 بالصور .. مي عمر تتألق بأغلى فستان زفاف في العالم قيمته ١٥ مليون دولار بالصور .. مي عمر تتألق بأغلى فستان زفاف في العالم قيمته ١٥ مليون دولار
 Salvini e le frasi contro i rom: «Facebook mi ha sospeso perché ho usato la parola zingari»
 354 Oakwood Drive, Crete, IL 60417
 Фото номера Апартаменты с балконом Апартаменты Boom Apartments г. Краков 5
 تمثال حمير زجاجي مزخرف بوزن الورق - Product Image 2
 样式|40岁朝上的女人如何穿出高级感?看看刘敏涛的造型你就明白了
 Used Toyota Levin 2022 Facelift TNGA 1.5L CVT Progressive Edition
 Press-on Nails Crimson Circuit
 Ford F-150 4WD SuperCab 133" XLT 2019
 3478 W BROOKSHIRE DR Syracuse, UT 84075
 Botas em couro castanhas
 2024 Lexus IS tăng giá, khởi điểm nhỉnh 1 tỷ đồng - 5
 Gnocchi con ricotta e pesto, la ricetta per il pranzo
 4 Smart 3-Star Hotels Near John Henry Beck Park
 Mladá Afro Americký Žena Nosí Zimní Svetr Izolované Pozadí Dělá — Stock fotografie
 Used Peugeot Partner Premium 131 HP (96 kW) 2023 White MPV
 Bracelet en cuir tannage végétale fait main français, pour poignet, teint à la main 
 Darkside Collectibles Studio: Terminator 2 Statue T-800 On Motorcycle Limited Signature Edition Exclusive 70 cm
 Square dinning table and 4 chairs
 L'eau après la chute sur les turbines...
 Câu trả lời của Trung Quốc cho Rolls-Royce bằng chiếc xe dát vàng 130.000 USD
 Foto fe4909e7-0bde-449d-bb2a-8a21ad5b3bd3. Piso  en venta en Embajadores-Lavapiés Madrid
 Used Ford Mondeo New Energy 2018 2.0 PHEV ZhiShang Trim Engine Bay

==============================

**Task to complete**
Precisely the lines between those holding "2024 Lexus IS" and "Câu trả lời", inclusive, are to be reproduced from the listing above, with nothing added.

**Task answer**
 2024 Lexus IS tăng giá, khởi điểm nhỉnh 1 tỷ đồng - 5
 Gnocchi con ricotta e pesto, la ricetta per il pranzo
 4 Smart 3-Star Hotels Near John Henry Beck Park
 Mladá Afro Americký Žena Nosí Zimní Svetr Izolované Pozadí Dělá — Stock fotografie
 Used Peugeot Partner Premium 131 HP (96 kW) 2023 White MPV
 Bracelet en cuir tannage végétale fait main français, pour poignet, teint à la main 
 Darkside Collectibles Studio: Terminator 2 Statue T-800 On Motorcycle Limited Signature Edition Exclusive 70 cm
 Square dinning table and 4 chairs
 L'eau après la chute sur les turbines...
 Câu trả lời của Trung Quốc cho Rolls-Royce bằng chiếc xe dát vàng 130.000 USD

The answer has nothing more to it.